Given a dataset, the tool automatically extracts the groups of proteins sharing a common interaction partner (see Methods). These are the sets of all and only the proteins that bind to a common protein partner. This central protein (hub) is used to identify the cluster. The user can select the minimum size of the cluster. For each cluster, MoVIN collates the corresponding set of protein sequences and searches them for the presence of common motifs using MEME [22] and MAST [23].

MEME (vers. 3.5.3) is a tool for discovering motifs in a group of related DNA or protein sequences. MEME takes as input a group of sequences (in this case the sequences of the proteins in a cluster) and outputs as many motifs as possible according to the constraints given by the user. MEME uses statistical modelling techniques to automatically choose the best length and description for each motif. In MoVIN we use as background distribution the average composition of the complete set of proteins in the map and focus on motifs with length between three and twelve residues and with an E-value (as reported by the output of the program) lower than a user-defined threshold (default is 10e-7). To avoid that motifs with a strong signal (e.g. fingerprints of a domain shared by some proteins of the group) mask “weaker” motifs, the server repeats this step on each cluster many times, recursively eliminating the proteins for which a common motif has already been identified.

In order to estimate the specificity of the motifs found by MEME, they are mapped on all the proteins in the dataset using MAST (vers. 3.5.3). For each motif, MAST returns a list of proteins containing it, the position of the match in the sequence and the corresponding E-value. Only matches with an E-value smaller than a user-defined threshold (default is 10e-5, i.e. 100 times larger than the E-value threshold chosen for MEME, in order to prevent overfitting of the motifs on the initial set of clustered proteins) are retained.

Next, the server assigns to each cluster Ci and each motif Mj a motif P value Si,j related to the over-representation of the motif in that cluster. If the motif has been found on xij protein in the cluster Ci of ni proteins and on Xj proteins in the complete dataset of size N we have Smi,j=hgcdf(xij, ni, Xj, N) where hgcdf is the hypergeometric cumulative distribution function, which measures the probability of finding at least as many occurrences of the motif in a cluster of similar size randomly extracted from the whole set of proteins.
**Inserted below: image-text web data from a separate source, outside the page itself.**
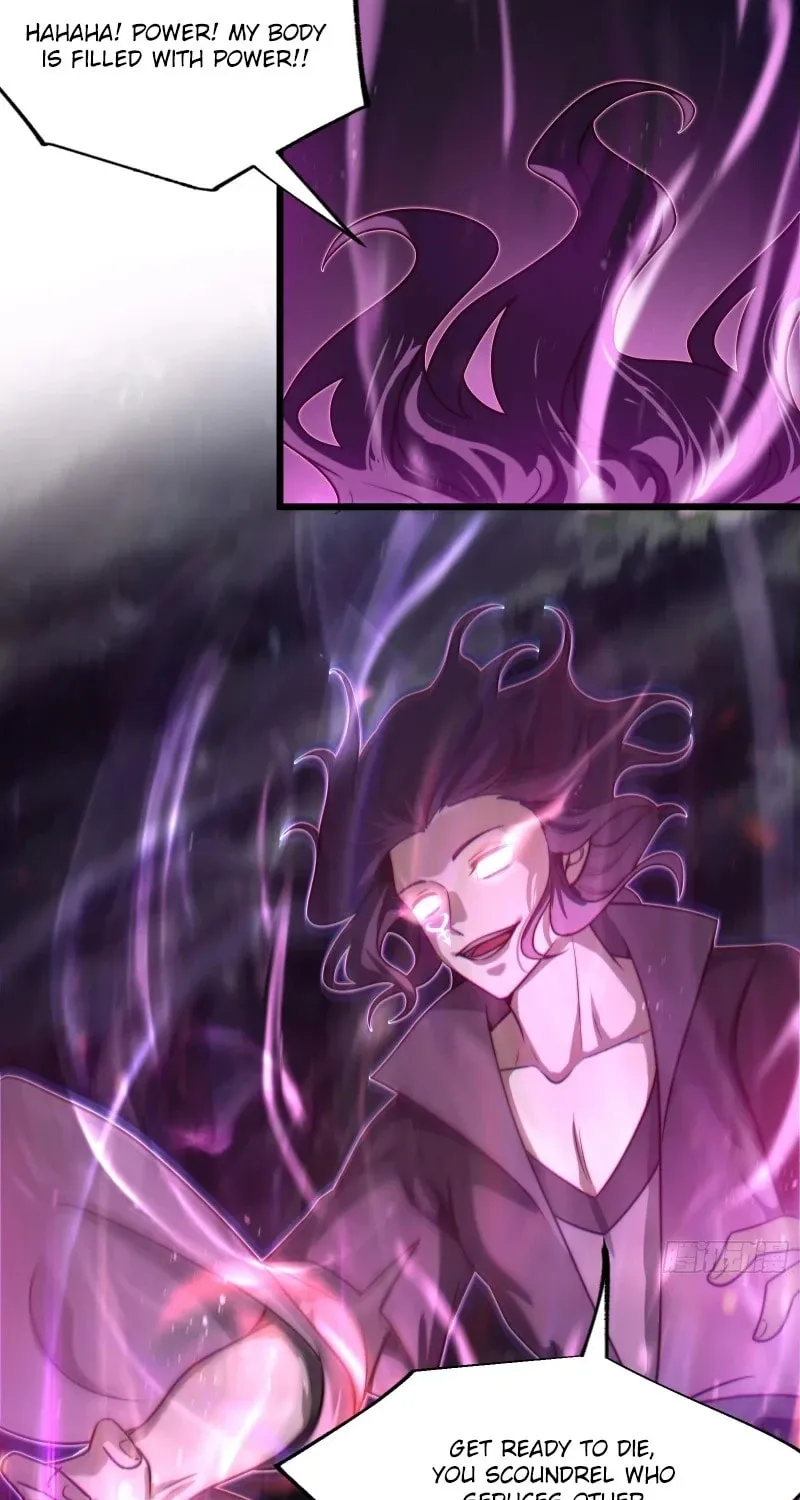 I was forced by the system to become a villain Chapter 15 page 23 - 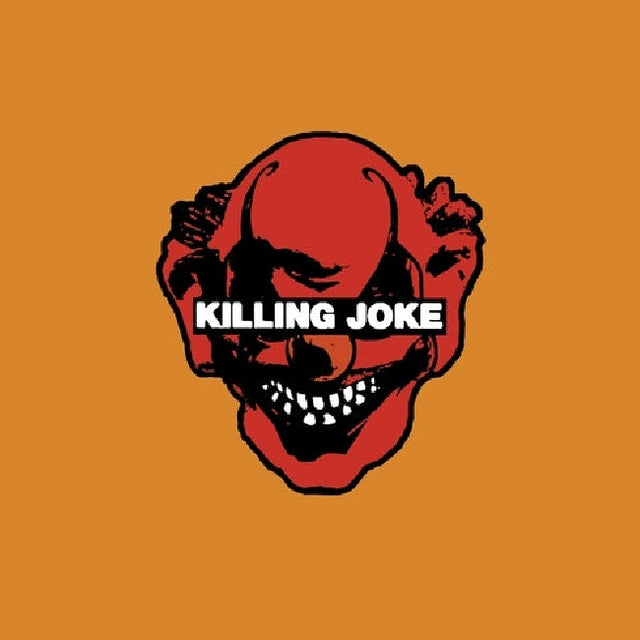 Killing Joke - Killing joke - 2003 (LP) - Velvet Music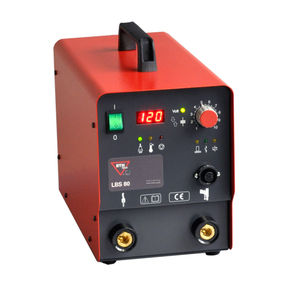 máquina de solda por descarga capacitiva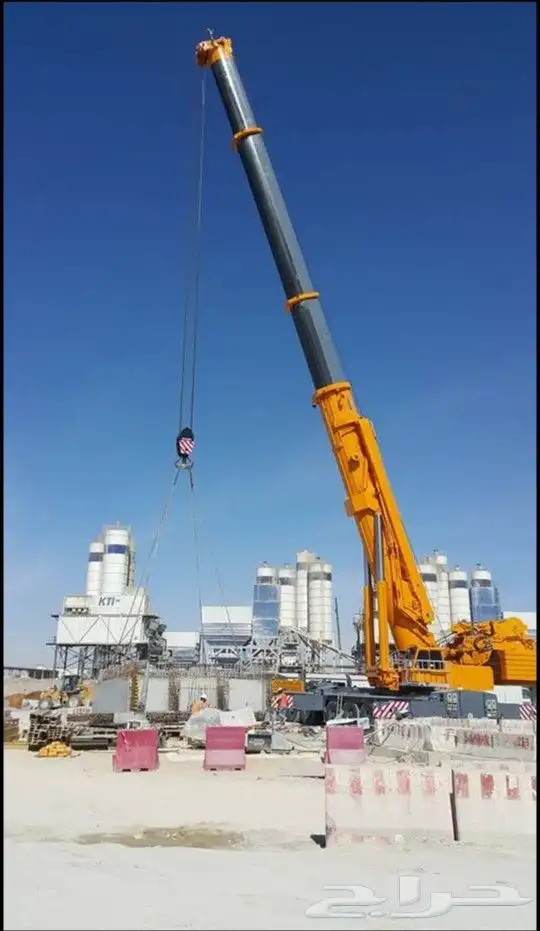كرين رفع مكيفات مركزية واغراض ورفع ثلاجات 056.283.6255 1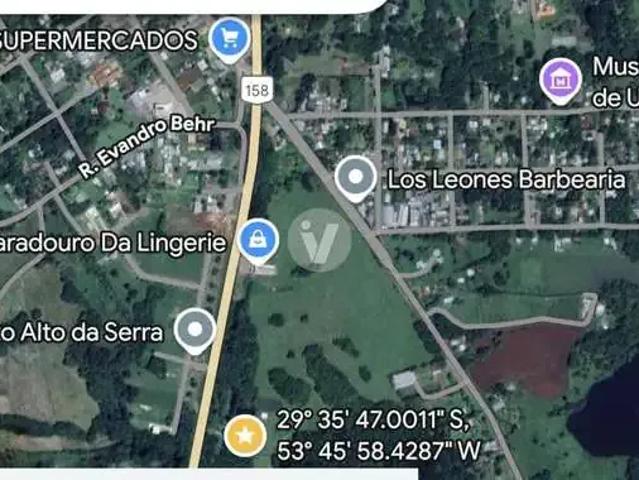 Terreno / Lote para Venda em Itaara/RS Parque Serrano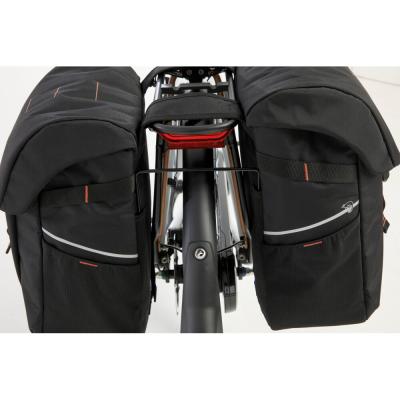 New Looxs New Looxs Doppelpacktasche Vigo Double Black Orange Produktbild 3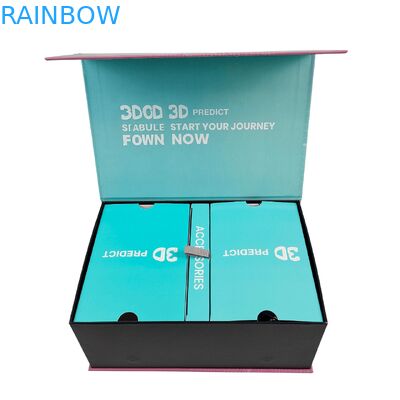 Производитель Индивидуальные Стоматологические Элайнеры Упаковочная Коробка Для Зубов С Логотипом Перерабатываемая Роскошная Магнитная Подарочная Коробка Из Жесткой Бумаги Для Стоматологических Брекетов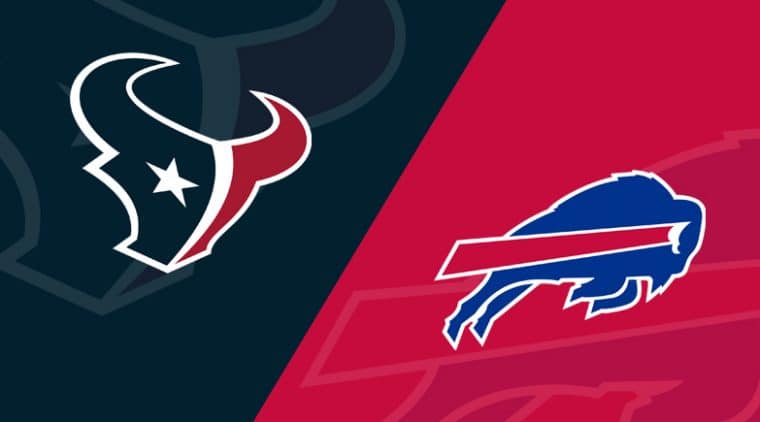 Houston Texans vs. Buffalo Bills Matchup Preview (10/3/21): Betting Odds, Depth Charts, Live Stream (Watch Online)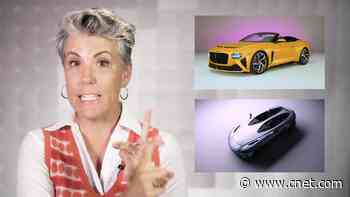 The cool cars we missed at the Geneva Motor Show video     - Roadshow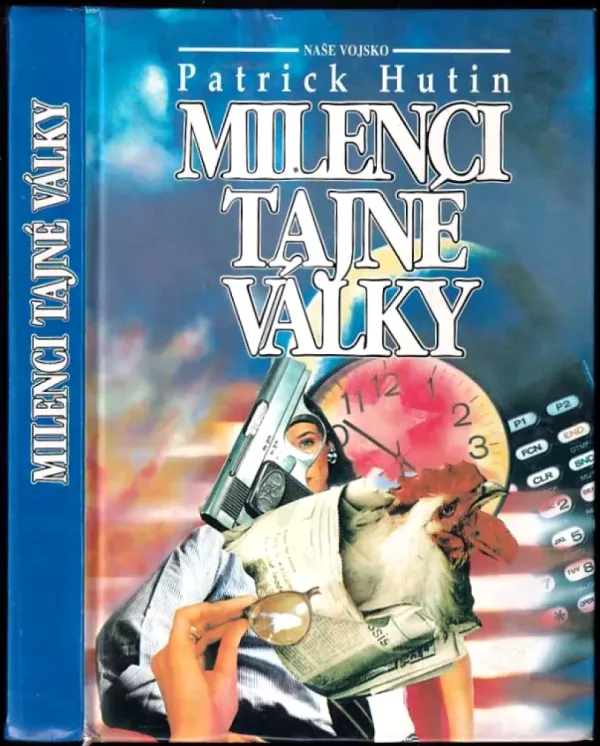 Milenci tajné války
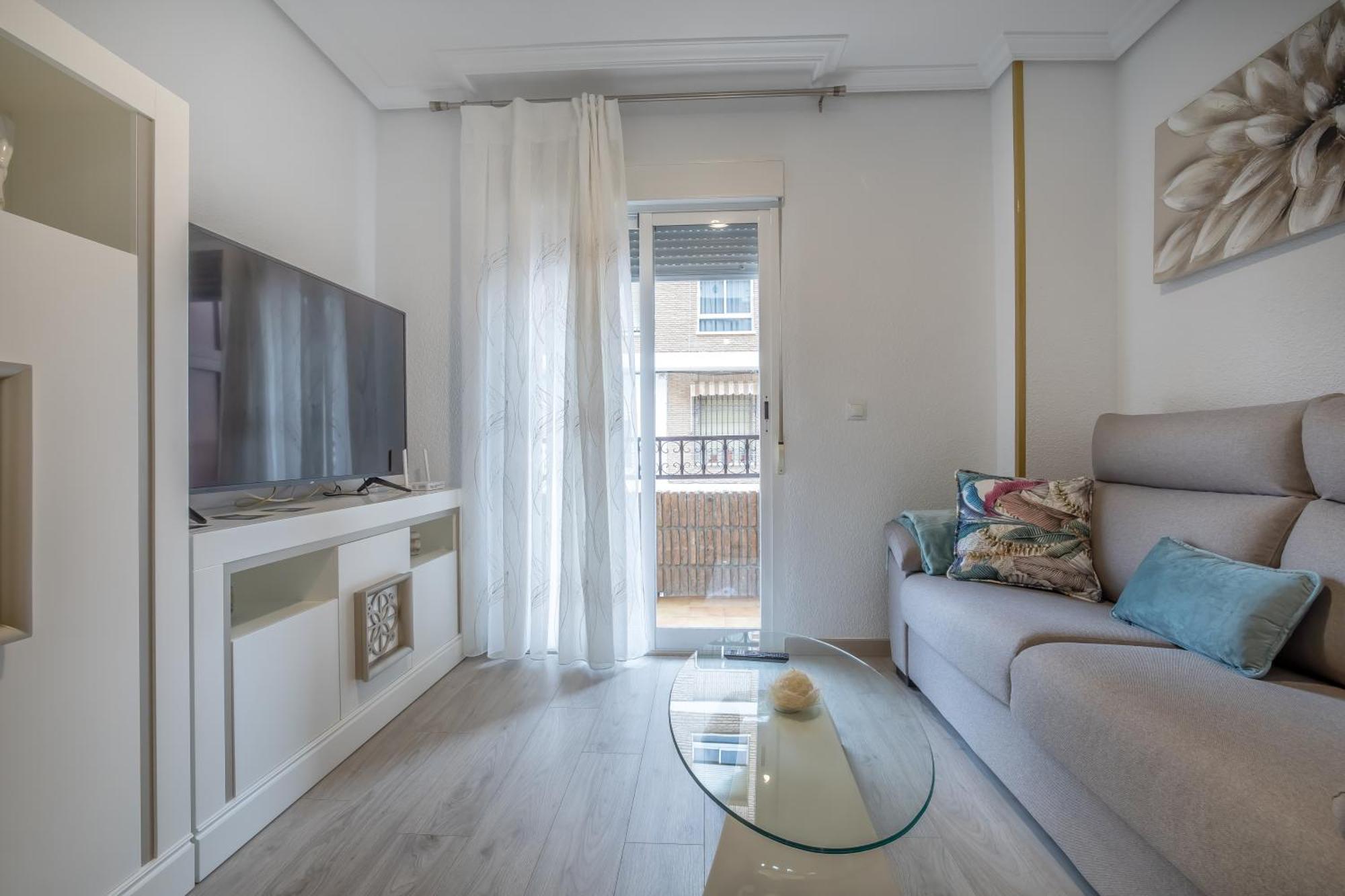 Apto Vallellano Junto Al Casco Historico & Parking Incluido Córdoba Eksteriør bilde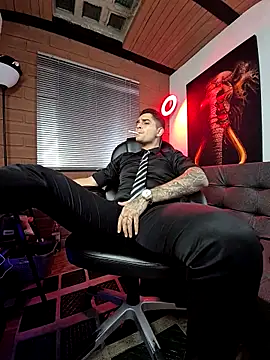 Nicolas Fellener online show from 12/26/24, 05:26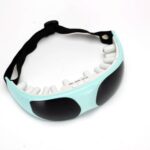 Electric Health Care Eye Massager Mask Migraine Alleviate Fatigue Forehead Eye Protection Massager - Image 10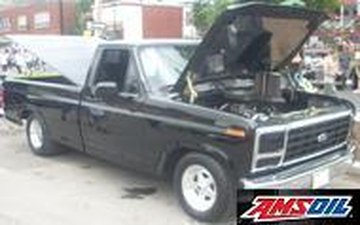 Motor oil designed for your 1981 Ford Trucks F350 PICKUP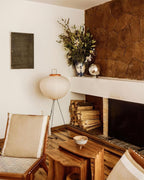 Akari 10A Floor Lamp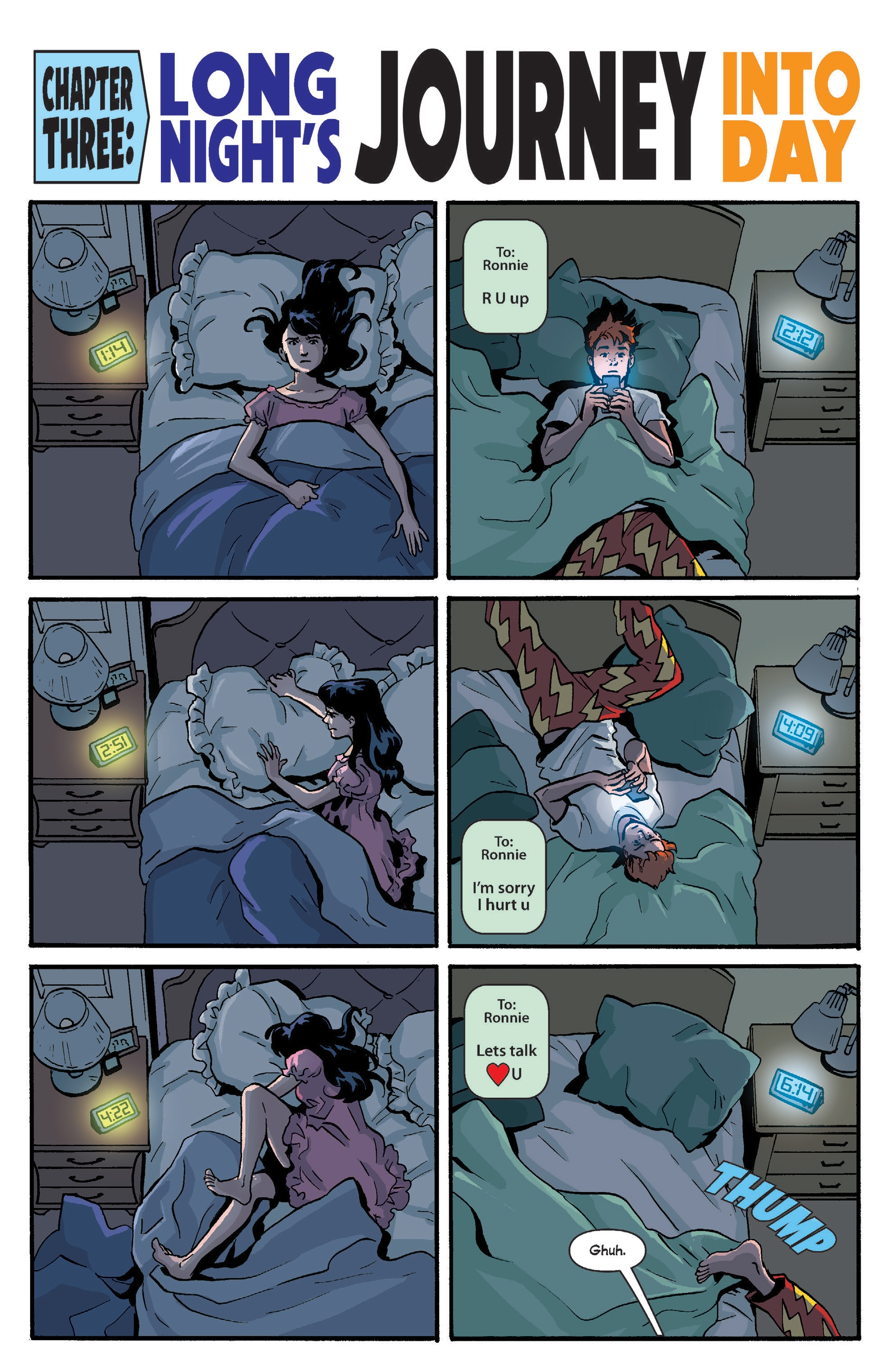 Archie (2015-): Chapter 27 - Page 10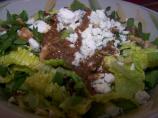 California Pizza Kitchen Romaine-Watercress Salad W/ Balsamic-B. Photo by Shannon Holmes
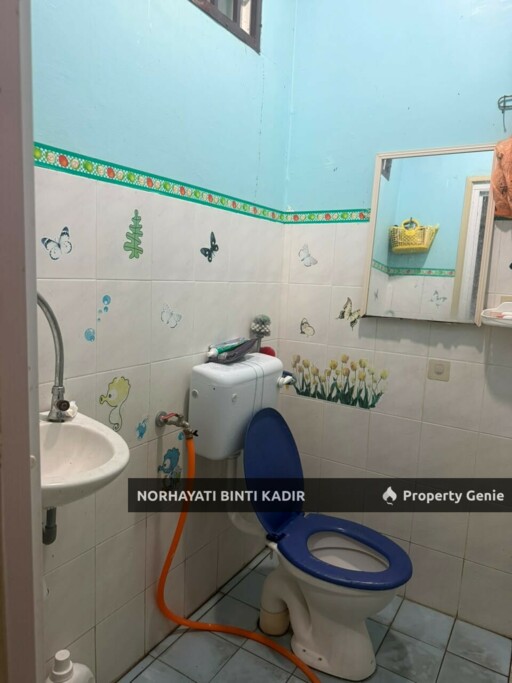 TERES SETINGKAT INDERA SEMPURNA, END LOT KUANTAN(FULLY RENOVATED)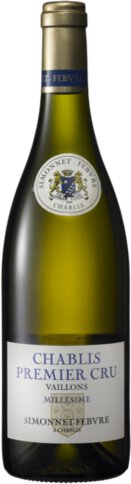 Simonnet Febvre Chablis Premier Cru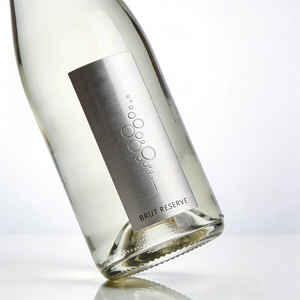 Etiqueta <span class=keywords><strong>de</strong></span> Vino <span class=keywords><strong>de</strong></span> Aluminio Plateado Cepillado, Impermeable, <span class=keywords><strong>de</strong></span> Lujo, con Logotipo <span class=keywords><strong>de</strong></span> Marca Personalizado OEM, <span class=keywords><strong>para</strong></span> Botellas <span class=keywords><strong>de</strong></span> Licor - Product Image 2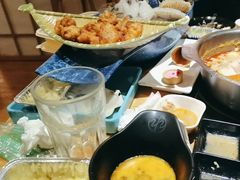 -水林间·寿喜烧自助(仙林金鹰店)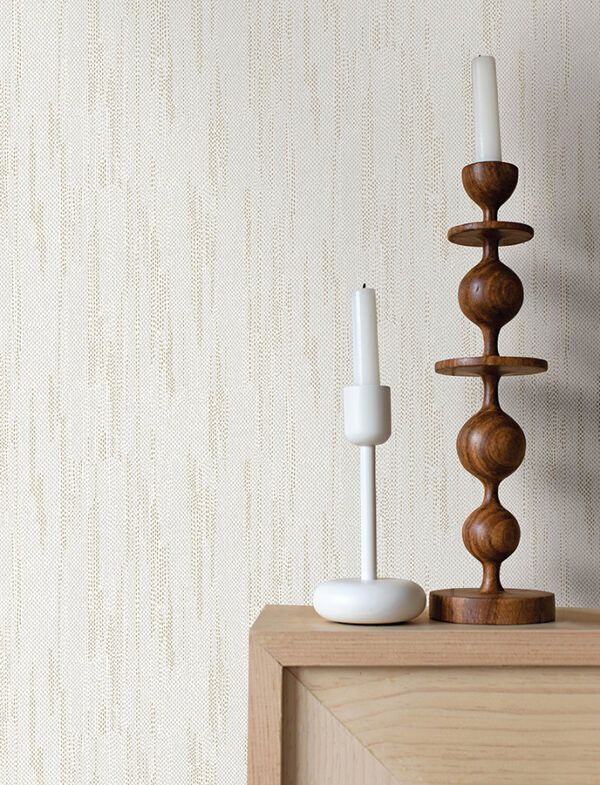 0091680 baris gold stipple stripe wallpaper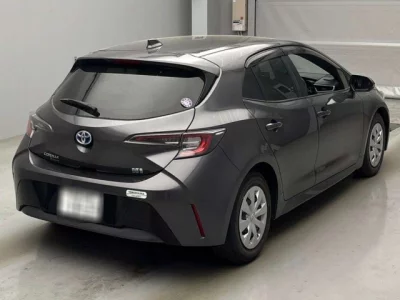 Toyota COROLLA SPORT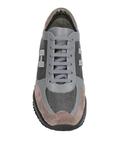 Кроссовки Hogan, серый - фото 5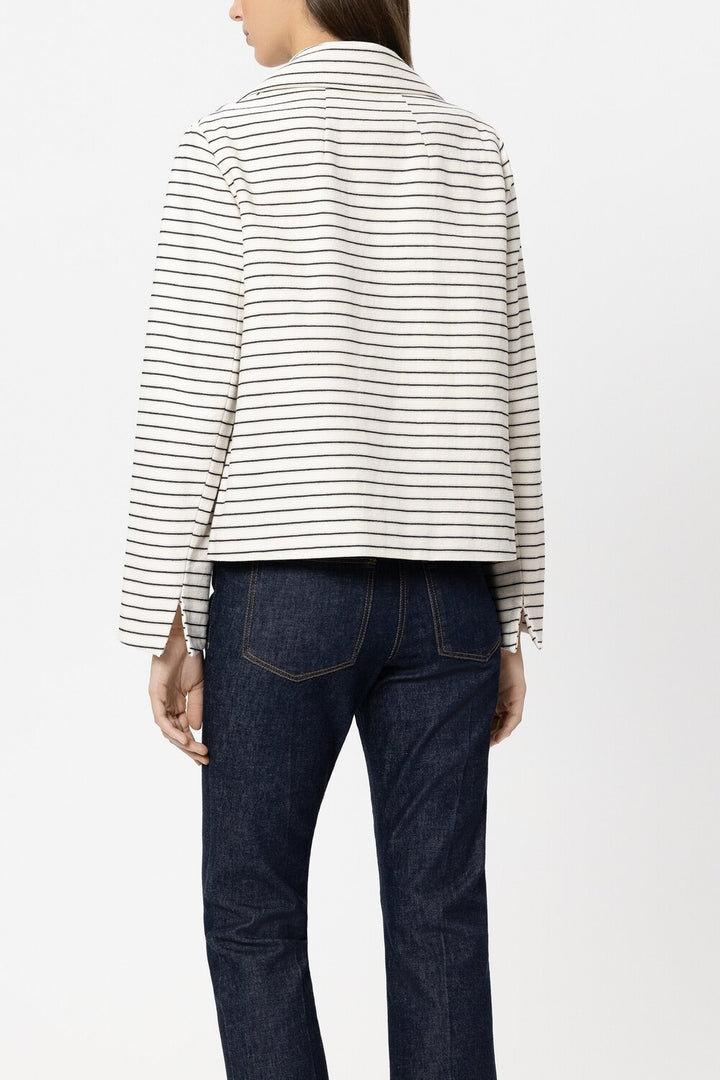 Luisa Cerano Blazer – Room-100% katoen-DAMES BLAZERS & JASJES-Room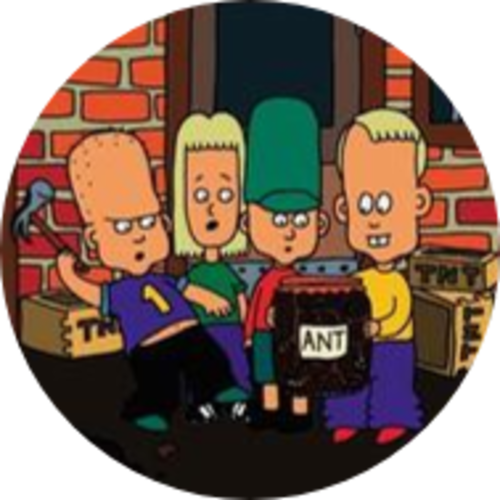 Three Friends and Jerry 10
Finally, the previously calculated scores are assigned to the interaction between the central protein of the cluster and each protein in the cluster containing the motif Mj. Different motifs can be present on a protein and one protein of a cluster can be, at the same time, the hub protein of another cluster, therefore different scores can be associated to the same interaction. In such cases, we assign the minimum score to the interaction.

The process P value Sp, the component P value Sl and the domain P value Sd are computed in a similar fashion. The GO process score and the GO component score are calculated by mapping the corresponding GO ontology terms on each protein with the program BatchGoViewer, which returns, given a list of proteins, the annotations (at any level) with the lowest P values. The Pfam domain score is calculated by analysing the presence of Pfam A Domains on each protein. The protein-domain relationship is taken from the Ensembl website [24].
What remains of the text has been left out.